A negociação e a garimpagem do TESOURO
No contrato com o Cedae, familiares pedem organização
dos documentos pessoais de Lobato em cinco anos

TATIANA FÁVARO

Foram quase dois anos de negociação entre Unicamp e os familiares de Monteiro Lobato. Tempo curto para a doação – e não comercialização – de um acervo tão rico e importante para a história da literatura brasileira, ao Centro de Documentação Cultural “Alexandre Eulálio”, do Instituto de Estudos da Linguagem (IEL). “Quando a família manifestou o interesse em doar o material para a Universidade, quase caímos de costas”, lembra Flávia Carneiro Leão, supervisora do Cedae.

Por enquanto, é um acordo de comodato, com promessa de doação. Uma cláusula do contrato determina que, se em cinco anos os documentos não estiverem organizados, os familiares terão autorização para retomá-los. “Isso não vai acontecer. Não só porque já estamos trabalhando com o acervo, mas também porque apresentamos um projeto à Fapesp (Fundação de Amparo à Pesquisa do Estado de São Paulo), que foi aprovado, solicitando recursos para a organização desse tesouro. A partir deste ano teremos apoio para cuidar do material”, explica Flávia.

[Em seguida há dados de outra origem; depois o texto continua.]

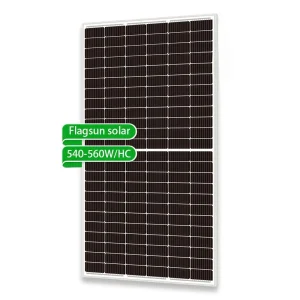 550W 540W Monocrystalline Solar Cell Solar Panels 10bb 48V 96 Solar Cell PV Module
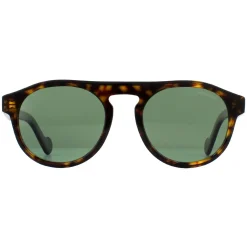 Moncler Polarised|Moncler^Sunglasses ML0073 52R Dark Havana Green Polarized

Igualmente com dinheiro da Fapesp, foram compradas, em 1999, muitas das primeiras edições das obras de Lobato. A chamada Coleção Biblioteca Lobatiana é composta por obras do autor e referentes a ele, traduções de livros feitas por ele e de autores como Rudyard Kipling, Grimm, Andersen, Jack London, além de correspondências, aquarelas, revistas, adaptações de sua obra, almanaques e folhetos.

A pesquisadora Cilza Bignotto, utilizando verba de reserva técnica disponibilizada pela Fapesp, também adquiriu raridades encontradas nas mãos de um vendedor ambulante, na cidade de Santos (veja matéria na página 4). Cilza teve a sorte de descobrir a mina quando concluía seu mestrado, sob orientação da professora Marisa Lajolo, conhecida nos corredores do IEL como imbatível “lobatóloga”.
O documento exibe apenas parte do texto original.